Publications

Contextual and Non-Contextual Word Embeddings: an in-depth Linguistic Investigation

RepL4NLP @ ACL 2020

In this paper we present a comparison between the linguistic knowledge encoded in the internal representations of a contextual Language Model (BERT) and a contextual-independent one (Word2vec). We use a wide set of probing tasks, each of which corresponds to a distinct sentence-level feature extracted from different levels of linguistic annotation. We show that, although BERT is capable of understanding the full context of each word in an input sequence, the implicit knowledge encoded in its aggregated sentence representations is still comparable to that of a contextual-independent model. We also find that BERT is able to encode sentence-level properties even within single-word embeddings, obtaining comparable or even superior results than those obtained with sentence representations.

Tracking the Evolution of Written Language Competence in L2 Spanish Learners

BEA @ ACL 2020

In this paper we present an NLP-based approach for tracking the evolution of written language competence in L2 Spanish learners using a wide range of linguistic features automatically extracted from students’ written productions. Beyond reporting classification results for different scenarios, we explore the connection between the most predictive features and the teaching curriculum, finding that our set of linguistic features often reflect the explicit instructions that students receive during each course.

Prerequisite or Not Prerequisite? That's the problem! An NLP-based Approach for Concept Prerequisite Learning

CLiC-it 2019

This paper presents a method for prerequisite learning classification between educational concepts. The proposed system was developed by adapting a classification algorithm designed for sequencing Learning Objects to the task of ordering concepts from a computer science textbook. In order to apply the system to the new task, for each concept we automatically created a learning unit from the textbook using two criteria based on concept occurrences and burst intervals. Results are promising and suggest that further improvements could highly benefit the results.

Linguistically-Driven Strategy for Concept Prerequisites Learning on Italian

BEA @ ACL 2019

We present a new concept prerequisite learning method for Learning Object (LO) ordering that exploits only linguistic features extracted from textual educational resources. The method was tested in a cross- and in- domain scenario both for Italian and English. Additionally, we performed experiments based on a incremental training strategy to study the impact of the training set size on the classifier performances. The paper also introduces ITA-PREREQ, to the best of our knowledge the first Italian dataset annotated with prerequisite relations between pairs of educational concepts, and describe the automatic strategy devised to build it.

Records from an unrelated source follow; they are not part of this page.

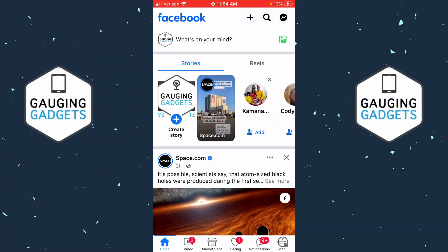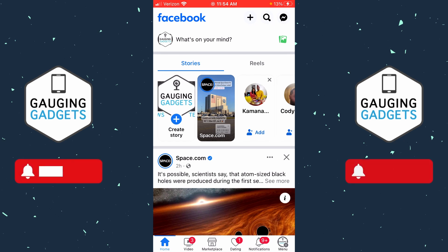How to change name on Facebook app. Welcome to another Gauging Gadgets Facebook tutorial video. In this video I'm going to show you how to change your name on Facebook within the Facebook app on your iPhone or Android phone. If this video helps you please consider subscribing to my channel and giving this video a like, because that really helps me out.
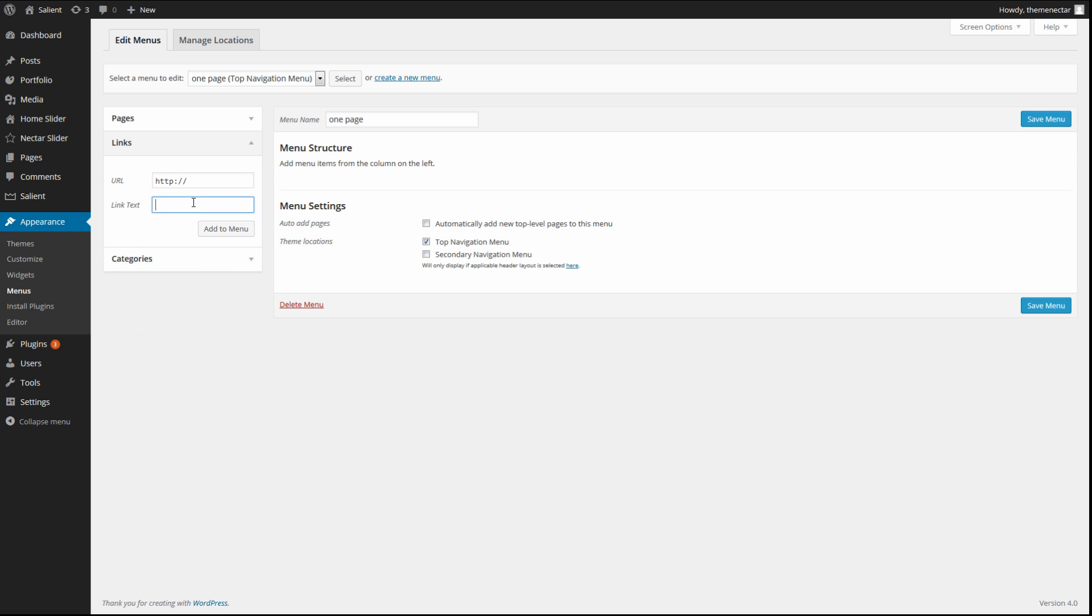To keep everything simple, I'm going to continue naming all of the menu links according to the section ID that we have given as well. But the name could be whatever you want. What's important and what's going to make this effect actually work is adding in the correct attribute for the URL. Now the way to link to an anchor is by adding a hash symbol followed by the name of the row ID.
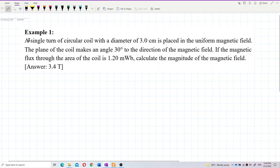A single turn of circular coil with a diameter of 3 cm is placed in a uniform magnetic field. The plane of the coil makes an angle of 30 degrees to the direction of the magnetic field. If the magnetic flux through the area of the coil is 1.2 milliwebers, calculate the magnitude of the magnetic field.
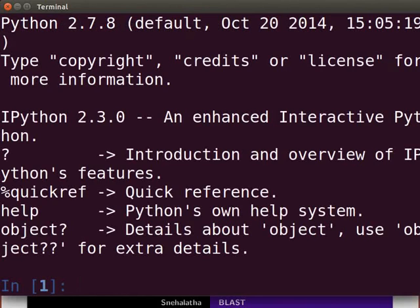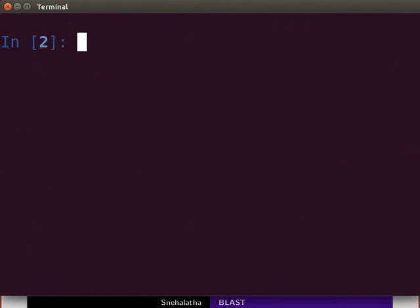In this tutorial, I will demonstrate how to run BLAST over the internet using NCBI BLAST service. Type the following at the prompt.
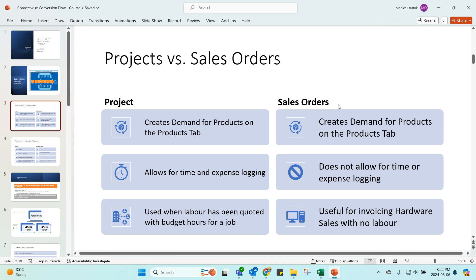The reason I only use sales orders for box sales or supply only jobs is because it allows the system and everyone who works in your business to know which orders should be moving through with as few touches as possible. The margins on a box sale or supply only job are already very low — they haven't factored in any labor — so they shouldn't be difficult to manage in your ConnectWise system. Sales orders are the best vehicle for anything where you don't need to put any time on it. As soon as you do need to put time or expenses, we're talking about projects or service tickets.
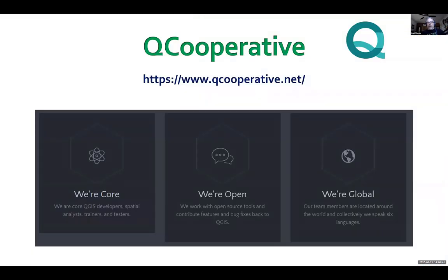The Q Cooperative is an umbrella organization with myself and several QGIS core developers, trainers, and power users. We offer QGIS support services — for example, if you need a custom plugin, a new feature added to QGIS, QGIS server support, or training, we can provide that.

Trattamento Automatico della Lingua per la creazione di percorsi didattici personalizzati

Ital-IA 2019

Il contributo illustra le attività portate avanti dal Laboratorio ItaliaNLP Lab nel contesto dell’educazione, mostrando come strumenti di Trattamento Automatico della Lingua (TAL) per la profilazione linguistica del testo e l’accesso al contenuto permettano di: i) modellare le abilità linguistiche e di valutarne l’evoluzione nel corso dell’apprendimento e ii) supportare la creazione di risorse e percorsi didattici personalizzati rispetto alle competenze degli apprendenti e alle nuove modalità di fruizione anche in contesti di e-learning.

Deep learning for social sensing from tweets

CLiC-it 2015

Distributional Semantic Models (DSM) that represent words as vectors of weights over a high dimensional feature space have proved very effective in representing semantic or syntactic word similarity. For certain tasks however it is important to represent contrasting aspects such as polarity, opposite senses or idiomatic use of words. We present a method for computing discriminative word embeddings can be used in sentiment classification or any other task where one needs to discriminate between con-trasting semantic aspects. We present an experiment in the identification of reports on natural disasters in tweets by means of these embeddings.

Il Codice Pelavicino tra edizione digitale e Public History

Umanistica Digitale

The Codice Pelavicino Digitale Project aims to publish an online digital edition of the relevant manuscript of the XIII century. In this paper features of the edition and related issues are addressed. Secondly we explain motivations for choosing a digital edition as a medium: we address the background, and common concerns in the context of Academy and clerical and historical archives. Finally we give insights on the international standard adopted to markup the text, i.e. XML-TEI, and EVT, a tool adopted to generate the final website and display texts and images.